Work to complete: An exact copy of all the data, minus the images, is required.

Records provided:
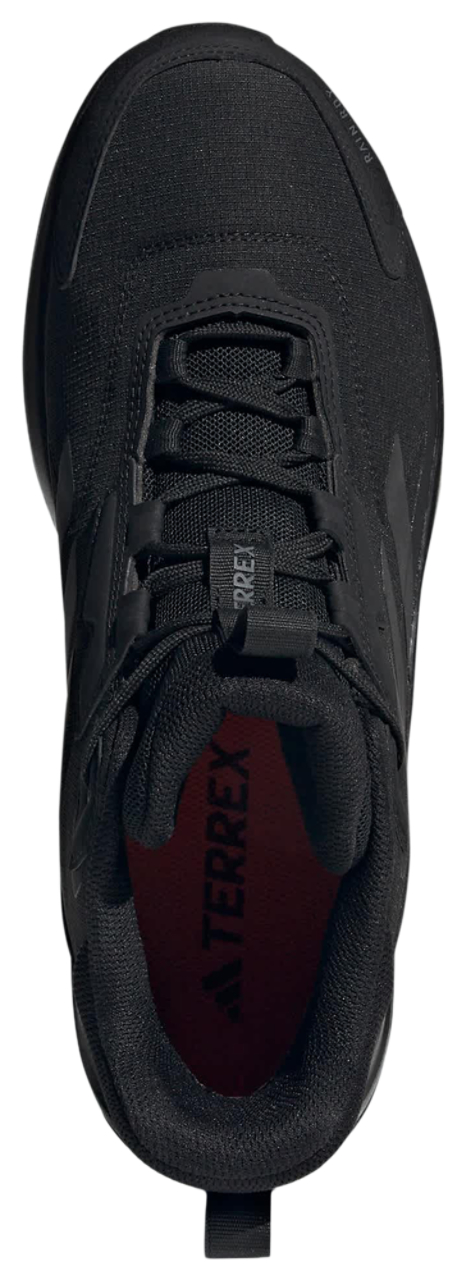 adidas Terrex Anylander Mid Rain.Rdy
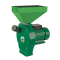 Moara electrica cu sac Micul Fermier, GF-0063-S001-G02 nr. 2, 3.9 KW, cuva mare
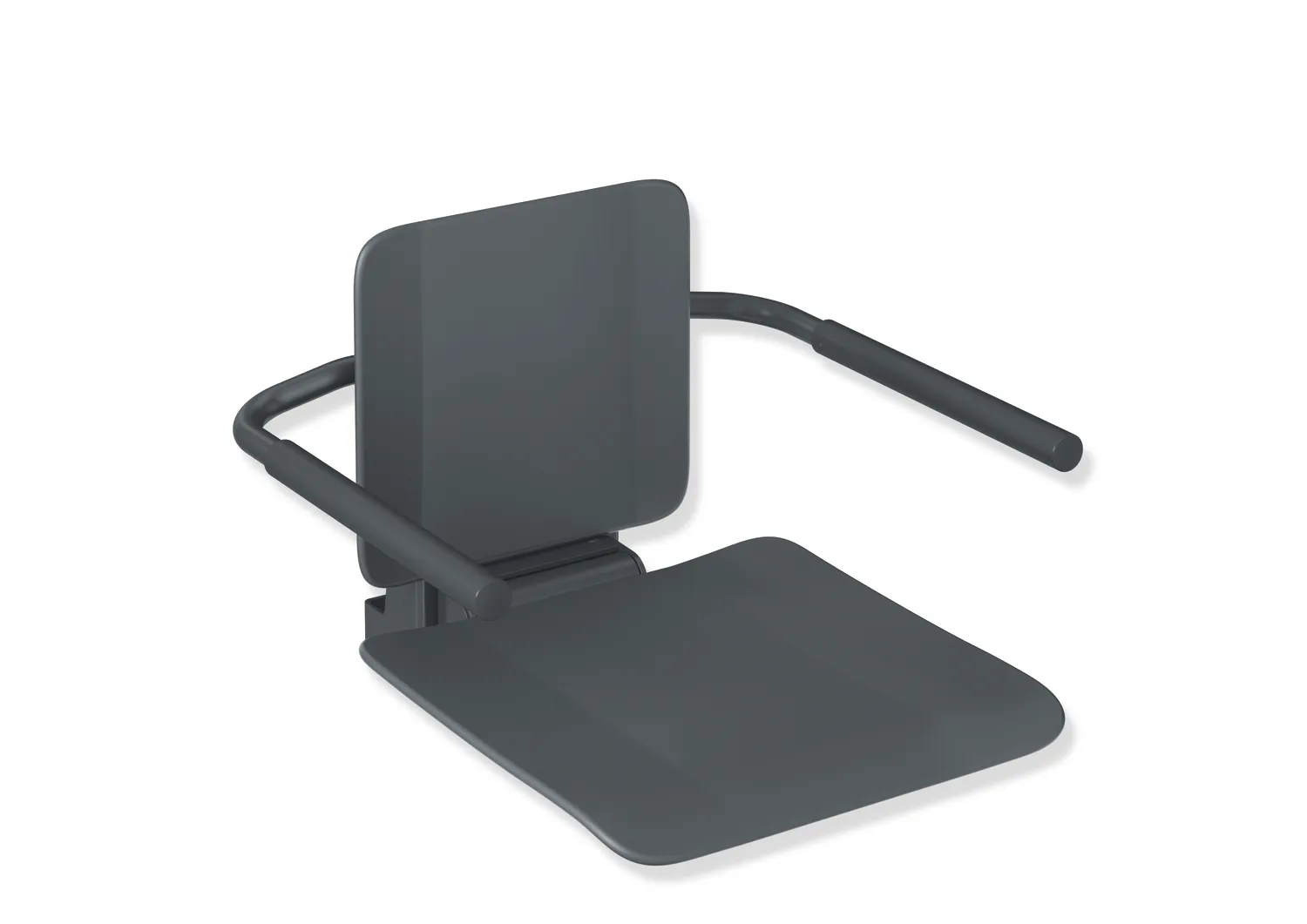 Einhängesitz „System 900“ Einhängesitz „System 900“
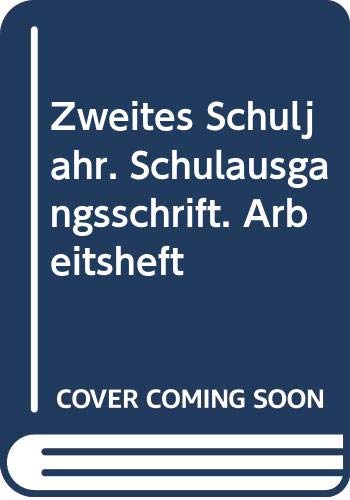 Für Diktate üben. Deutsch für die Grundschule: Schulausgangsschrift Books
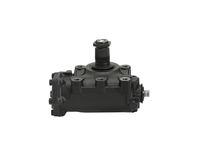 BOSCH KS00003190 - para OE N°: 9614601100<br>Vehículo con dirección a la izquierda / derecha: para vehic. dirección izquierda<br>Tipo de servicio: hidráulico<br>Presión de servicio [bar]: 155<br>Equipamiento de vehículo: para vehículos con dirección asistida<br>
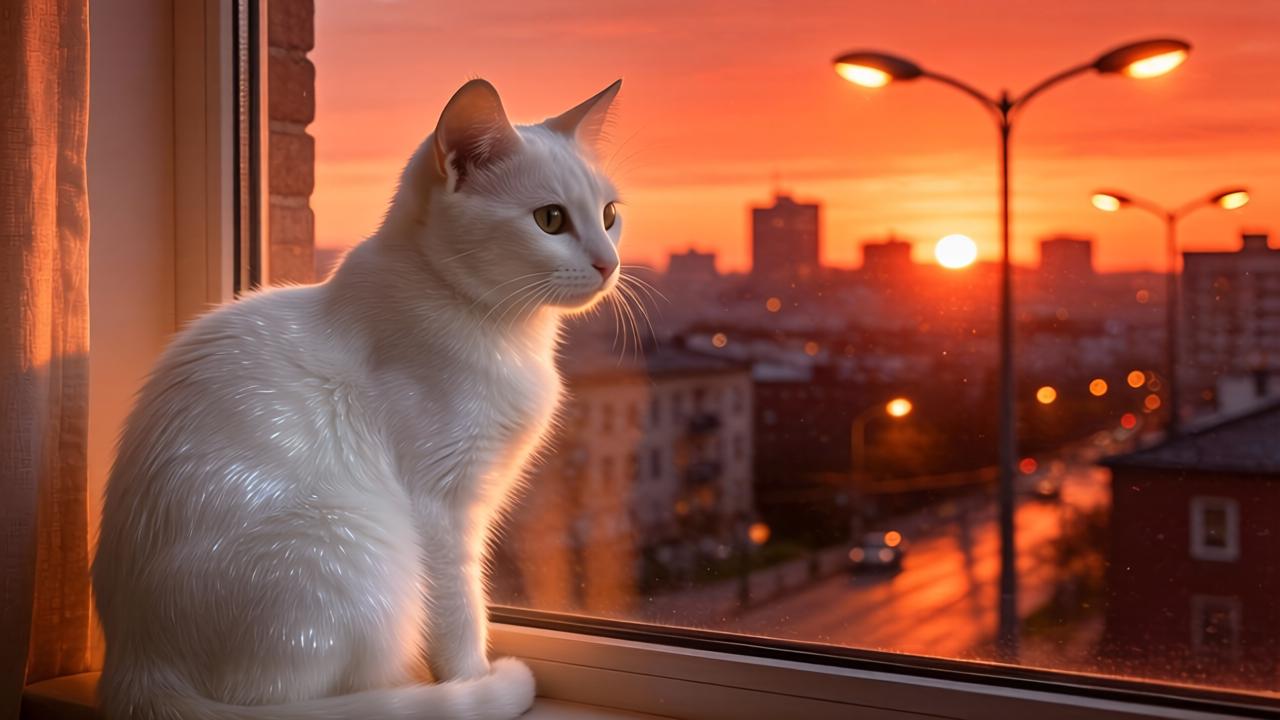 孕妇不能吃的水果有哪些？孕期饮食禁忌全解析-天维邦考教育网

Written response:
 adidas Terrex Anylander Mid Rain.Rdy
 Moara electrica cu sac Micul Fermier, GF-0063-S001-G02 nr. 2, 3.9 KW, cuva mare
 Einhängesitz „System 900“ Einhängesitz „System 900“
 Für Diktate üben. Deutsch für die Grundschule: Schulausgangsschrift Books
 BOSCH KS00003190 - para OE N°: 9614601100<br>Vehículo con dirección a la izquierda / derecha: para vehic. dirección izquierda<br>Tipo de servicio: hidráulico<br>Presión de servicio [bar]: 155<br>Equipamiento de vehículo: para vehículos con dirección asistida<br>
 孕妇不能吃的水果有哪些？孕期饮食禁忌全解析-天维邦考教育网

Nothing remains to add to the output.